Red State's Erick Erickson seconded that motion: "Romney barely took on Barack Obama," he wrote as the electoral dust settled. "He drew few lines in the sand, made those fungible, and did not stand on many principles." A few days later, he repeated the message: "Mitt Romney tried to blur lines with Barack Obama. He did not defend social conservatism. …"

Chris Chocola, president of the Club For Growth, concurred: "The (Republican) party is rarely in a position to determine the best candidate. When you have someone who can articulate a clear, convincing, conservative message," he wrote, "they win."

"We wanted someone who would fight for us," complained Jenny Beth Martin of Tea Party Patriots. "What we got was a weak moderate candidate, hand-picked by the Beltway elites and country-club establishment wing of the Republican Party.
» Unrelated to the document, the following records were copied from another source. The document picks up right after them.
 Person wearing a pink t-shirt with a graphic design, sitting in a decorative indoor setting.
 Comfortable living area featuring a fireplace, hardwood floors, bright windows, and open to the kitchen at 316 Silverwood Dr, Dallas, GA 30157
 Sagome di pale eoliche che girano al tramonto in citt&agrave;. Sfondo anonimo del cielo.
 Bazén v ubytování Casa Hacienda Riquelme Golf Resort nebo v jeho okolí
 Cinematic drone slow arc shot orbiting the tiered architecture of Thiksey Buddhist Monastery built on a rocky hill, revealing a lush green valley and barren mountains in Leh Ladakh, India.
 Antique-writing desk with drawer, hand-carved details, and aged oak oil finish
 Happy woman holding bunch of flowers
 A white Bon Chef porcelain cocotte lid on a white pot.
The presidential loss is unequivocally on them." Martin delivered that judgment at a D.C. news conference where she was joined by other conservative luminaries such as direct-mail maestro Richard Viguerie and Marjorie Dannenfelser, president of Susan B. Anthony List, an anti-abortion group.

Thirty-four days from today, the Old Dominion will provide a real-world test of that theory. When Virginians go to the polls, they will have the opportunity to vote for the most conservative slate of statewide candidates in modern times.
Attorney General Ken Cuccinelli — for whom "tea party favorite" has become an all but official agnomen — outmaneuvered the Virginia GOP establishment to seize the gubernatorial nomination from the more moderate, less confrontational Bill Bolling. Bolling has since announced the creation of the Virginia Mainstream Project "to call our party back to a more mainstream approach."
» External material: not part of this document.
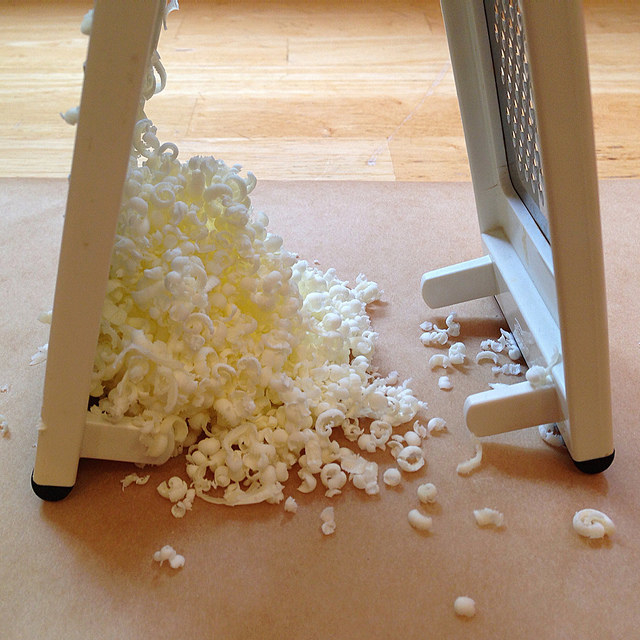 Cheese grater with pile of grated butter to the side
Cuccinelli's conservatism is unadulterated: He fought the EPA over climate change and filed the first state suit against Obamacare. He opposes abortion even in cases of rape and incest; considers homosexuality "intrinsically wrong"; supports school choice, gun rights, and tax cuts; and takes a hard-line stance on illegal immigration. Three years ago, he even handed out lapel pins to his staff bearing a more demure version of the state seal — one that covered up the otherwise exposed breast of the Roman goddess Virtus. (Racy stuff, if you squint really hard.)

State Sen. Mark Obenshain, running for Attorney General, is less pugnacious but no less conservative than Cuccinelli. He has supported both fetal "personhood" legislation and requiring an ultrasound as a precondition of abortion; favors requiring a photo ID to vote; wants to drug-test welfare recipients; has a 100 percent rating from the American Conservative Union; and once introduced legislation permitting state regulators to yank the license of any business employing an illegal alien.

And then there is E.W. Jackson, the nominee for lieutenant governor, whose pronouncements on social issues go too far even for his running mates. An August Times-Dispatch profile summarized some of them, noting that Jackson has "linked homosexuality to pedophilia, called gays and lesbians 'sick' and 'perverted,' ridiculed President Barack Obama's Christian faith and accused the Democratic Party of being 'anti-God'. … Jackson (also has) said … 'the Democrat Party and Planned Parenthood are partners in this genocide'" — i.e., the aborting of black children. Sunday before last, he suggested people of non-Christian faiths practice a "false religion."

Talk about drawing lines in the sand. These are not milquetoast conservatives, hand-picked by country-club RINOs. These are red-meat conservatives of crystalline purity and adamantine resolve — picked at a tea party-heavy convention attended by 13,000 of "the most strident voices in" the GOP, as a Bolling spokeman put it back in May.

After years of enduring candidates too moderate for their tastes, fire-and-brimstone conservatives have the ticket they always dreamed of — precisely the sort of Republican ticket, they insist, that wins elections. It is also precisely the sort of Republican ticket dreamed of by Democrats — who, believing the GOP slate is far too extreme for any rational voter to support, have made its conservative principles the focal point of the election.

In 34 days, we'll find out whose theory is right.